The main London based TV broadcasters have recently published their joint proposals for a series of leaders’ debates during the 2015 general election campaign. For details see here. In doing so they have once again demonstrated just how London centred they remain. The Greens have one MP, elected in 2010, and a respectable voting record in European elections, yet remain almost invisible to the mainstream media. Until last week UKIP had no MP at Westminster, and their current one is a defector from the Tory party. Yet UKIP and Nigel Farage in particular have become the darlings of the London media, including the broadcasters. Presumably because their reactionary anti immigrant, anti EU message suits the media barons more than the progressive polices of the Greens. The proposals for TV debates also demonstrate just how out of touch the broadcasters are with what is happening across the UK. For their focus is not reflective in any way with what is happening in many parts of England, never mind Scotland, Wales and Northern Ireland. Yet we are supposed to be a United Kingdom. This is a funny way of showing how we are all better together. If we are to have TV debates featuring the leaders of political parties, and it looks like we will, there needs to be a sound basis for deciding who gets to appear in these debates. We should most definitely not leave this key decision to the broadcasters alone.

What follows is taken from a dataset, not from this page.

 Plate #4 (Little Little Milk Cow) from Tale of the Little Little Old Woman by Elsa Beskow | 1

A Prime Ministerial debate?
There is some, though a very limited, rational for holding a debate among the candidates who could become Prime Minister, without relying on the support of other parties. Though of course this would only involve David Cameron and Ed Milliband. Everyone recognises that only Labour or the Tories can win an outright majority of seats on their own. However this is an increasingly unlikely outcome. It did not happen in 2010 and just about all polls indicate the most likely outcome in May 2015 is another “hung” parliament, with no overall majority for either party. So though in theory this option has some basis to it, the reality is that most people would rightly reject it. The UK is sufficiently beyond two party politics for broadcasters to impose a return to those bygone days on the rest of us.
Debates involving the leaders of all political parties?

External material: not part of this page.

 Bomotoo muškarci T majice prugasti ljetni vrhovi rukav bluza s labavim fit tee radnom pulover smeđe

This is the one option that has so far never been considered by our broadcasters. No doubt difficult to organise and to work out a format that allows all the participants to respond to questions. Yet this is the only option that does justice to all parties and most important of all, the only option which serves the purpose of informing the electorate, which should be the key, indeed sole purpose of any debate.
The justification for involving all parties is that any party, however small, may have an important, possibly decisive, role to play in who does become Prime Minister. As the most likely outcome of the May 2015 election is that no party has an overall majority of MPs, then all kinds of coalitions, formal or informal may become possible. To take just one example, that of Plaid Cymru. Though there is no way that Plaid Cymru can become the party of government at Westminster, the votes of their MPs could in some circumstances be decisive in building a stable coalition or in supporting a minority government. It is therefore important that the voters in the rest of the country know not just what Plaid Cymru stand for, but how the other parties, in particular Labour and the Tories, would respond to any overtures from Plaid. This can only be done through some kind of open and public engagement among the parties.
Spare a thought for the broadcasters
There is it seems to me no simple way to accommodate needs and demands of all the various interested parties, from the broadcasters themselves, the political parties to the most important of all, the poor bloody voter. The reason for this is quite simple – the increasing fragmentation of politics in the UK. This can be seen firstly in the slow, but seemingly irreversible decline of both Labour and the Tory party. In counter part to this decline there is the rise of national parties in Wales, Northern Ireland and Scotland. Combined, these trends may mean there is no longer in any UK wide politics in any meaningful sense. In England, Wales, Northern Ireland and Scotland the key issues are often different and the political parties are often different. Just glad I am not a broadcaster, though they need to come up with something much much better than their current proposals.